New Year's Resolutions? Maybe Next Year
Updated: Sep 27
This post was originally published at smerconish.com
It’s that time again when we feel the need to make New Year’s Resolutions to convince ourselves that we can fix our shortcomings from the previous year, or in more extreme cases, our entire lives.
Of course, this is done with the implicit understanding that our good intentions are going to fail miserably.
Sure, we may modify our lifestyles for a few days, maybe even a week or two, but by the time Groundhog Day rolls around, we’re back to repeating the same behaviors that lead to our feeling that we needed for change in the first place.
That is why we need to change the way we approach this yearly undertaking, not in an effort to secure success, but rather embrace our ultimate failure in a way that allows us to avoid feeling disappointed. Now some of you might suggest that we should just accept the status quo and not make any resolutions, but that would be tantamount to accepting failure before we even started.

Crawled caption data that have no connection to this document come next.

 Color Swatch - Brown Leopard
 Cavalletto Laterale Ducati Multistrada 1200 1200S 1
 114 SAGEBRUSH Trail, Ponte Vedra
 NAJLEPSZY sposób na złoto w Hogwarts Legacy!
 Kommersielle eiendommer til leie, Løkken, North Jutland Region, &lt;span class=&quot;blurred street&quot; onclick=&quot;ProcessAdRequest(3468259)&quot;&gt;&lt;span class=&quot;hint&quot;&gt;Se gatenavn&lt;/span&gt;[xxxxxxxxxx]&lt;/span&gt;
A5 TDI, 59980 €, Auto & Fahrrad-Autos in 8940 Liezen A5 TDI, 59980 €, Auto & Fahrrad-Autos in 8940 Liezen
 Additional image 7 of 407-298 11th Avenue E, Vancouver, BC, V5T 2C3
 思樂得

The real problem is that people temper their expectations in an effort to make a reasonable goal that they might be able to come close to obtaining. They are setting themselves up for disappointment, from either failing to accomplish what was a marginal quest or succeeding in their goal and realizing they set too low expectations for themselves.

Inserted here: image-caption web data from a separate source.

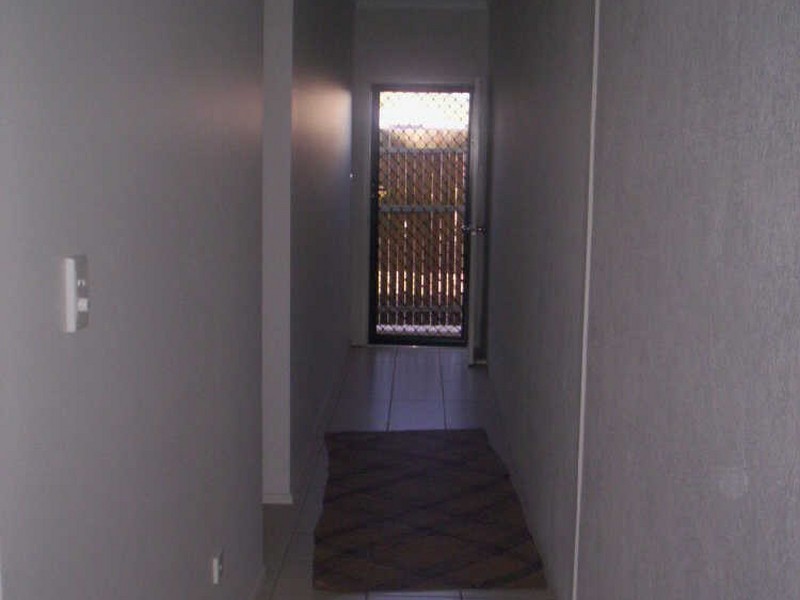 9/2 Freshwater Drive, Douglas VIC 3401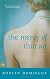 The Mercy of Thin Air: A Novel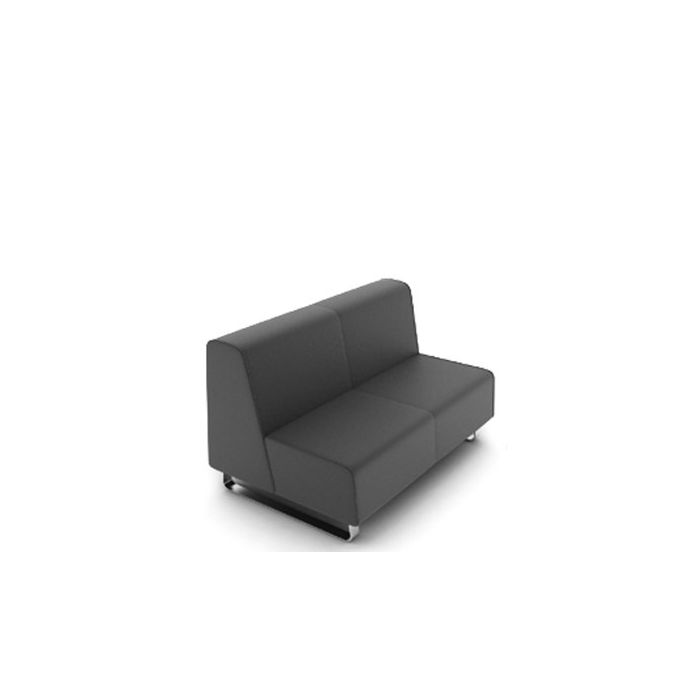 Sofa VOO VOO VV 402 Bejot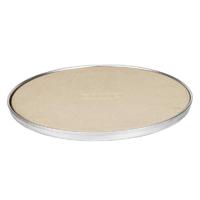 Cadac Pro 40 33cm Pizza Taşı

Take weight loss, the number one resolution every year.
Assuming you’re not at an ideal weight for yourself, but rather spent the year downing large quantities of chocolate cheesecake and other wonderful joys, you’re probably going to set a weight loss goal far less than what you really want to lose. If you even get close to the goal, you’ll feel good about the progress you’ve made and hopefully continue on until you reach that self-perceived ideal of perfection. The truth is that if we ever got to our desired weight, we’d celebrate with a slice (or six) of that aforementioned cheesecake as a reward, and if we fail to make any substantial headway, we’ll indulge in the massive consumption of cheesecake in order to counter the feelings of failure.
What we need to do is set goals that are undeniably beyond possibility, so we never feel as that we’ve let ourselves down because we knew in advance that we would never succeed. Just the notion that you attempted something so audacious should make us feel good about ourselves.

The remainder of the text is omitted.